The following conditions apply to authorized facilities-based international carriers:
(a) A carrier authorized under § 63.18(e)(1) may provide international facilities-based services to international points for which it qualifies for non-dominant regulation as set forth in § 63.10, except in the following circumstance: If the carrier is, or is affiliated with, a foreign carrier in a destination market and the Commission has not determined that the foreign carrier lacks market power in the destination market (see § 63.10(a)), the carrier shall not provide service on that route unless it has received specific authority to do so under § 63.18(e)(3).
(b) The carrier may provide service using half-circuits on any U.S. common carrier and non-common carrier facilities that do not appear on an exclusion list published by the Commission. Carriers may also use any necessary non-U.S.-licensed facilities, including any submarine cable systems, that do not appear on the exclusion list. Carriers may not use U.S. earth stations to access non-U.S.-licensed satellite systems unless the Commission has specifically approved the use of those satellites and so indicates on the exclusion list. The exclusion list is available from the International Bureau's World Wide Web site at http://www.fcc.gov/ib.

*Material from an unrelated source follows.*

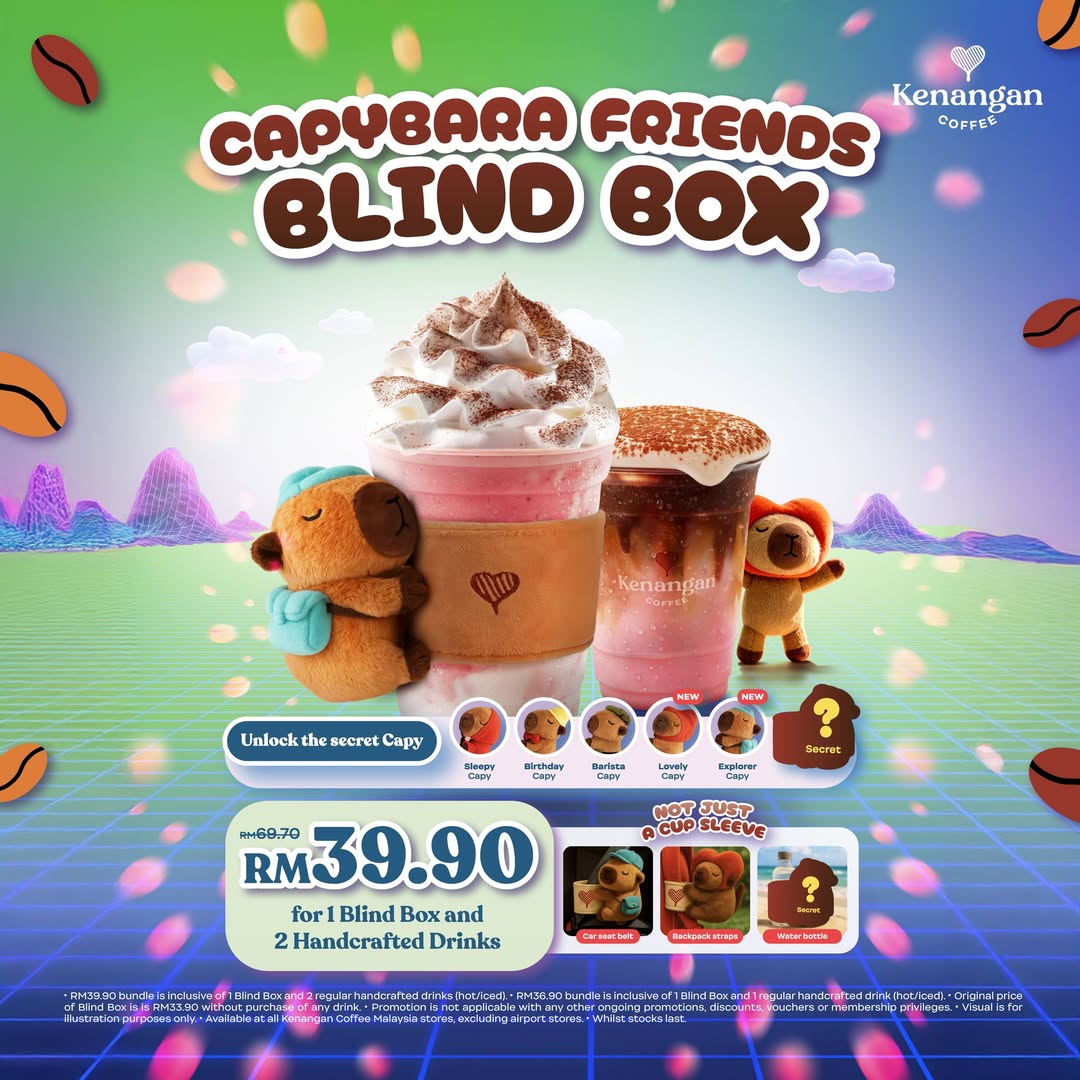 A collection of cute Capybara figures from Kenangan Coffee's Capybara Friends Blind Box promotion.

(c) Specific authority under § 63.18(e)(3) is required for the carrier to provide service using any facilities listed on the exclusion list, to provide service between the United States and any country on the exclusion list, or to construct, acquire, or operate lines in any new major common carrier facility project.
(d) The carrier may provide international basic switched, private line, data, television and business services.
(e) The carrier shall file annual international circuit capacity reports as required by § 43.82 of this chapter.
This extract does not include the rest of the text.